What a great idea. Since I don't bake, I obviously haven't tried it, but crumpled parchment paper makes perfect sense. It can take the heat, and shouldn't stick to the cake. You could always do a test-run with a basic cheap cake, first. 

CD


----------



## Kayelle (Oct 19, 2018)

You are a good friend Janet, and I'm sure both cakes will really be appreciated for being custom to their tastes. I hardly bake at all so I'm in awe. 

They are both so different and that makes them twice as interesting I think.


----------



## buckytom (Oct 19, 2018)

caseydog said:


> My mom had terrible eyesight from childhood on, so she force-fed us kids with carrots.
> CD



You know that the idea of carrots being especially good for eyesight is a fallacy, right? It was a simple but oddly believable way of explaining how British pilots could quickly locate invading German planes during the blitz in '40 and '41. 
They were actually using rudimentary radar, called the Chain Home Low system.


----------



## caseydog (Oct 19, 2018)

buckytom said:


> You know that the idea of carrots being especially good for eyesight is a fallacy, right?

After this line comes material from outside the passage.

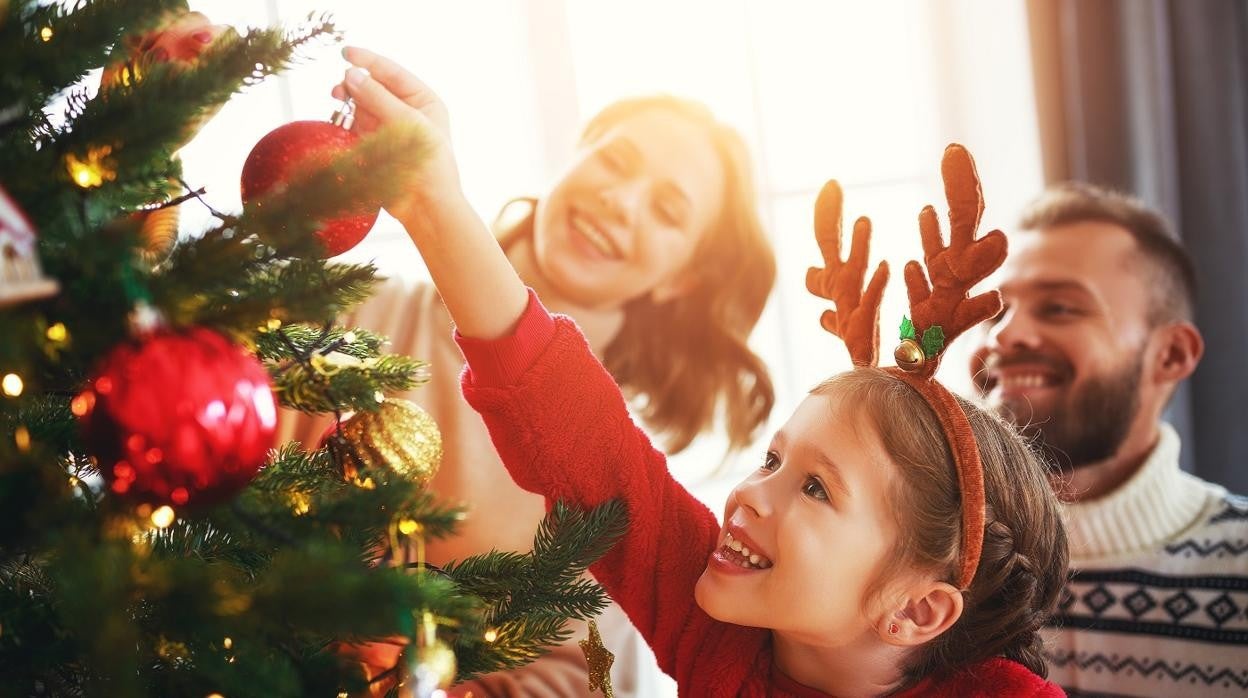 Un árbol de Navidad llena de ambiente el hogar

Yes, I know that. My mom did not, and she decided what I ate as a child. I couldn't cook then... or drive a car to do the shopping. 

As for the rest of your post, blah, blah, blah in return. 

CD


----------



## jabbur (Oct 20, 2018)

Janet, I'd say go for something totally different for your friend's cake and make it to her liking. It doesn't have to "match" or even be in the same profile flavor.  My family has 4 birthdays in Feb and 3 in April. We do one get together for the month and each birthday person gets their own dessert. We have cake, pie, cheesecake, pudding, cookies whatever and everyone enjoys a bit of each. Whatever you decide will be wonderful and your friends will enjoy it.


----------